Problem description
All of the entries need to be printed again exactly; pictures are the only thing to omit.
-*-*-
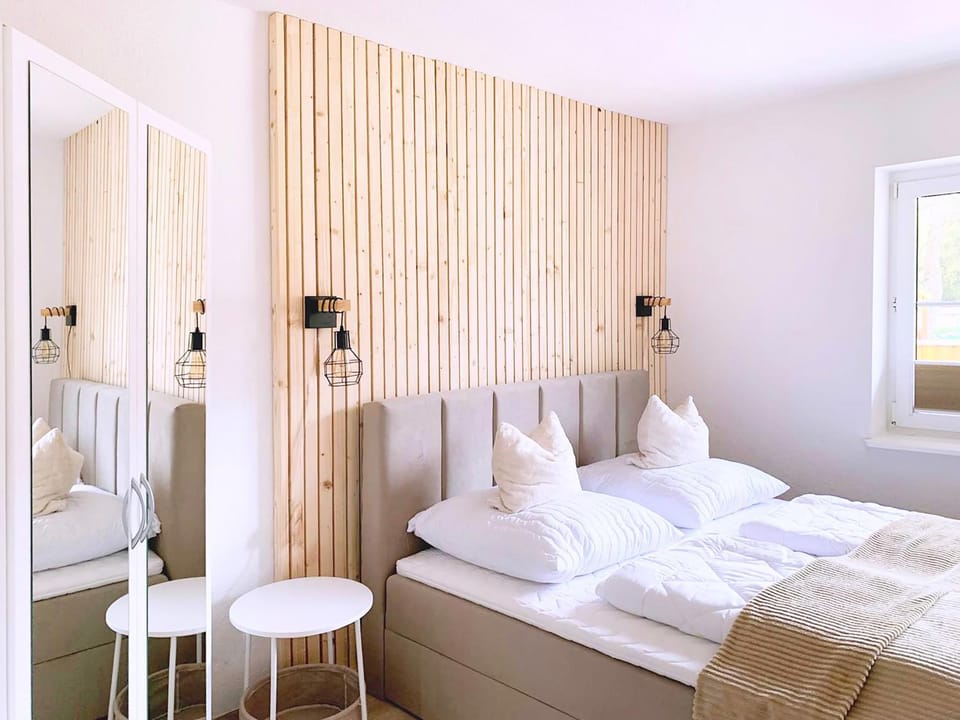 Bed, Photo of the whole room, Decorative detail, Bedroom, internet, towels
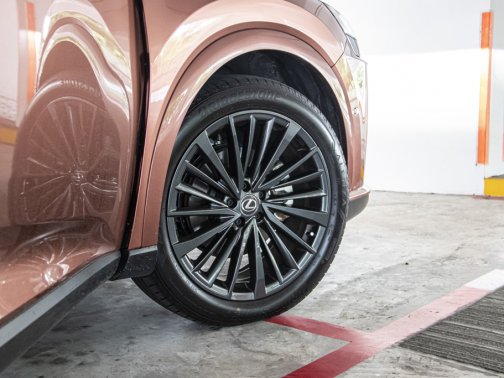 https://i.i-sgcm.com/new_cars/cars/21653/21653_g18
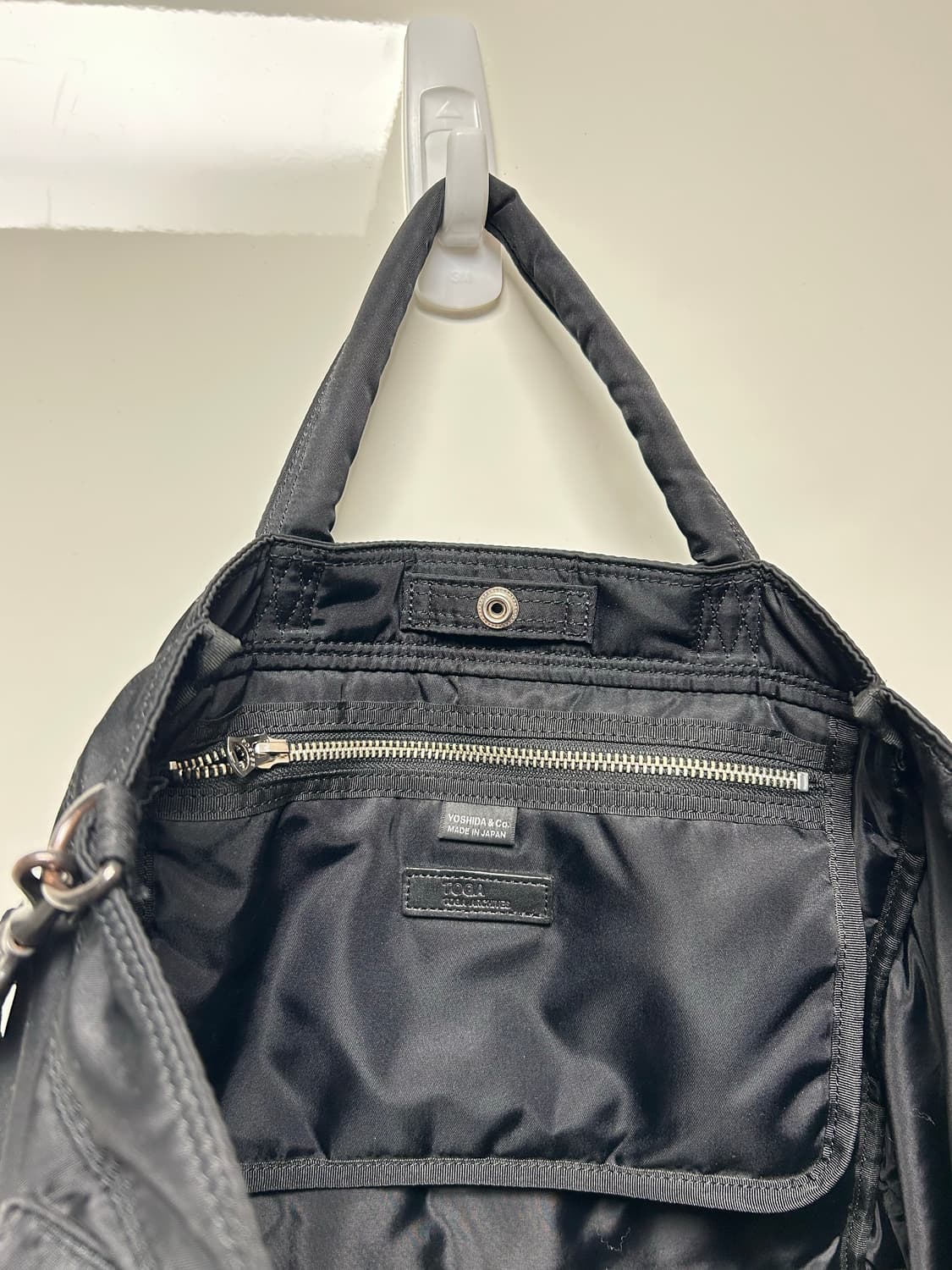 포터 x 토가 숄더백 블랙 상품이미지3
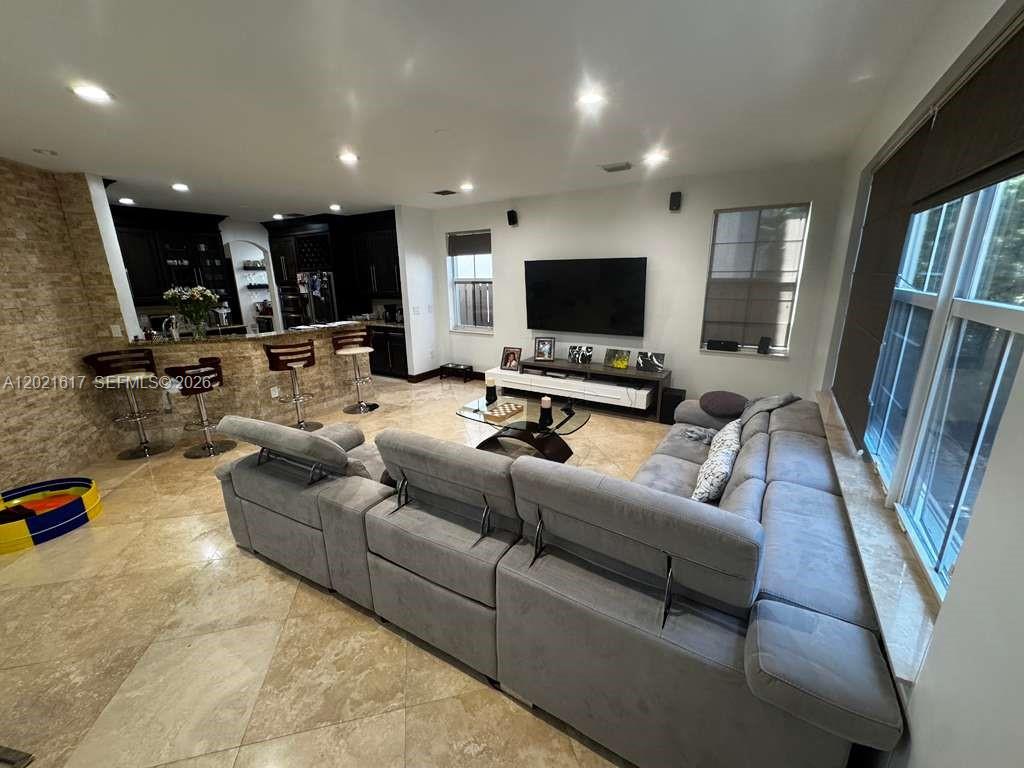 ISLANDS AT DORAL NORTHWES - Residential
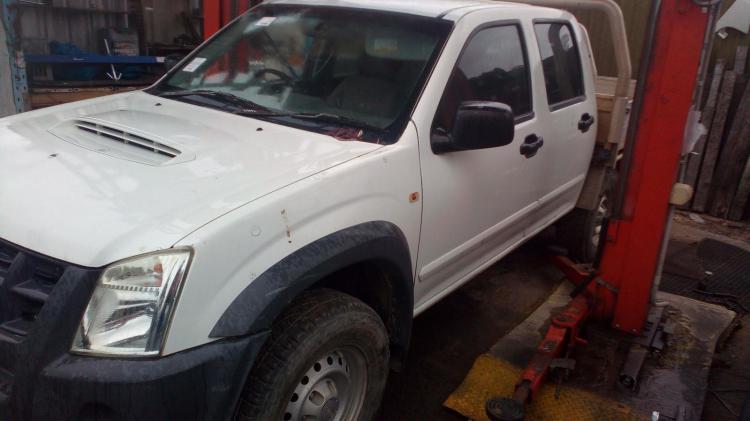 isuzu D Max SX Jun 2010 Parts & Wrecking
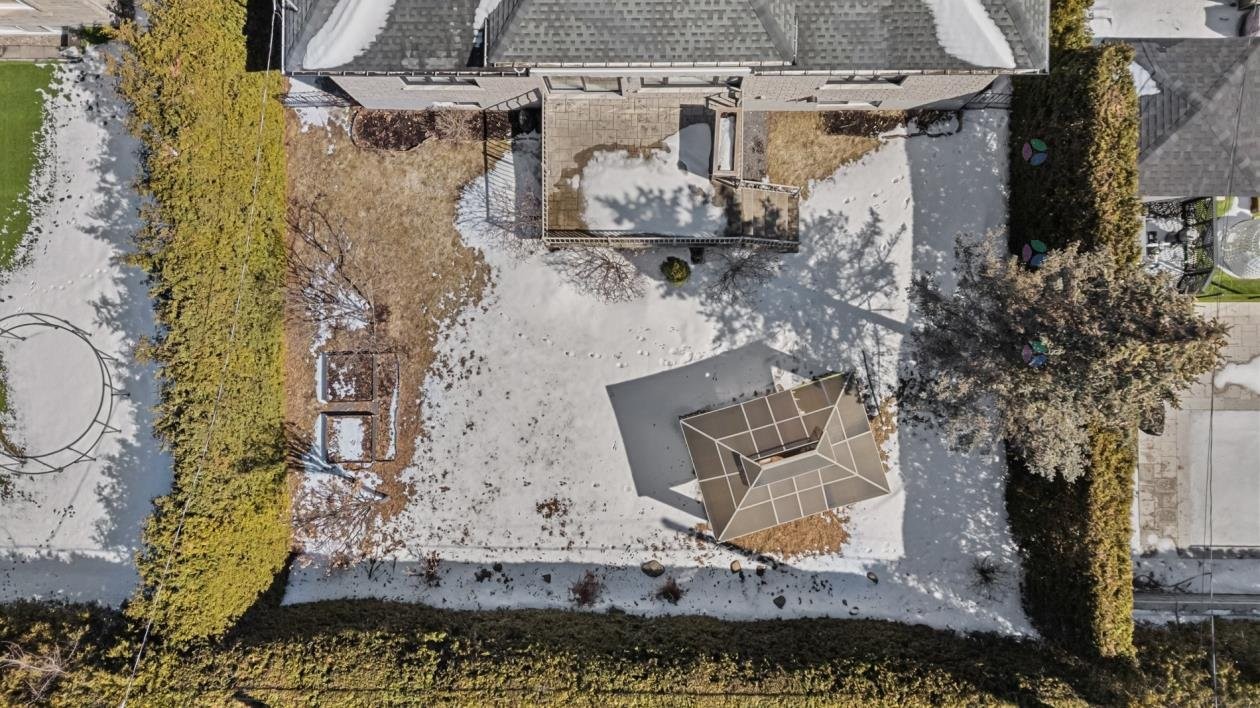 









2093


Rue Colbert

,
Saint-Bruno-de-Montarville,




QC
J3V4Y1

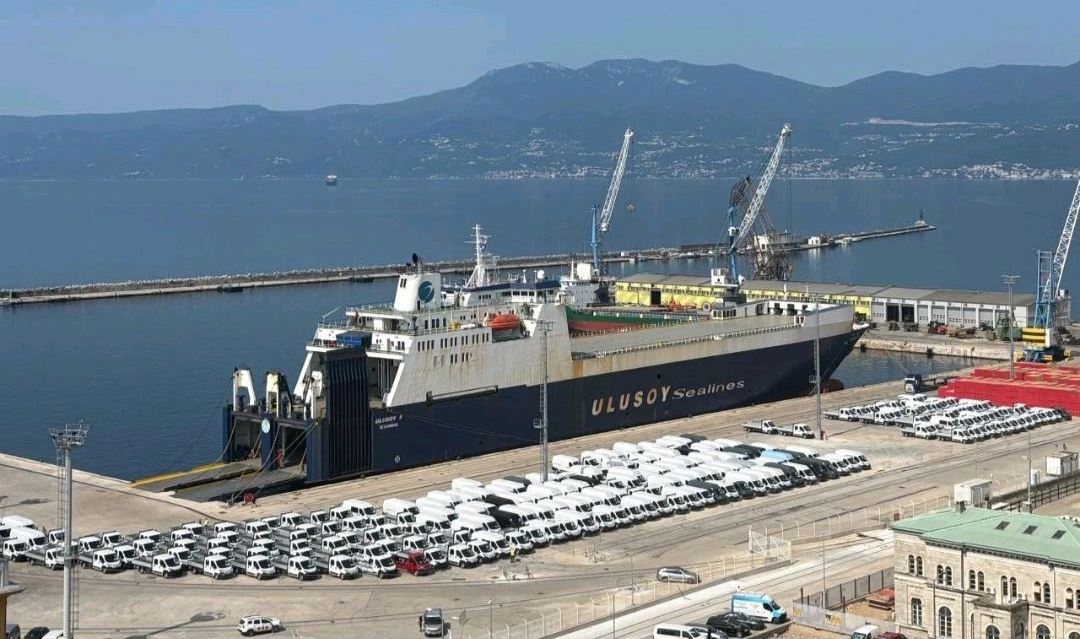 Porto di Fiume, tornano dopo 20 anni le navi Ro-Ro<h2 class='anw-subtitle'>Avviato un traffico di automobili, l'Authority tratta con Stellantis per implementarlo</h2>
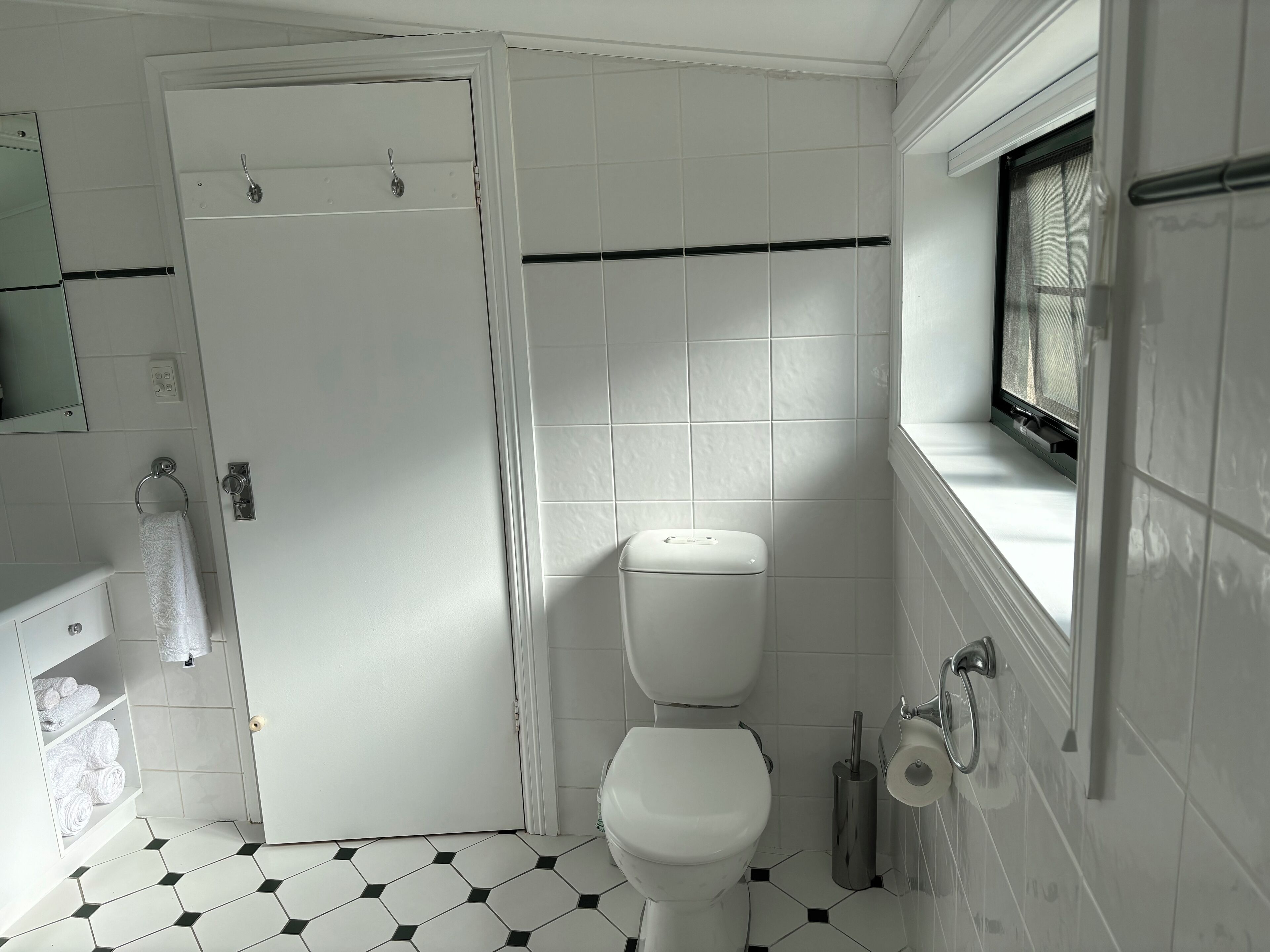 Dusche, Whirlpool, Haartrockner, Handtücher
-*-*-
Reply to the task
 Bed, Photo of the whole room, Decorative detail, Bedroom, internet, towels
 https://i.i-sgcm.com/new_cars/cars/21653/21653_g18
 포터 x 토가 숄더백 블랙 상품이미지3
 ISLANDS AT DORAL NORTHWES - Residential
 isuzu D Max SX Jun 2010 Parts & Wrecking









2093


Rue Colbert

,
Saint-Bruno-de-Montarville,




QC
J3V4Y1

 Porto di Fiume, tornano dopo 20 anni le navi Ro-Ro<h2 class='anw-subtitle'>Avviato un traffico di automobili, l'Authority tratta con Stellantis per implementarlo</h2>
 Dusche, Whirlpool, Haartrockner, Handtücher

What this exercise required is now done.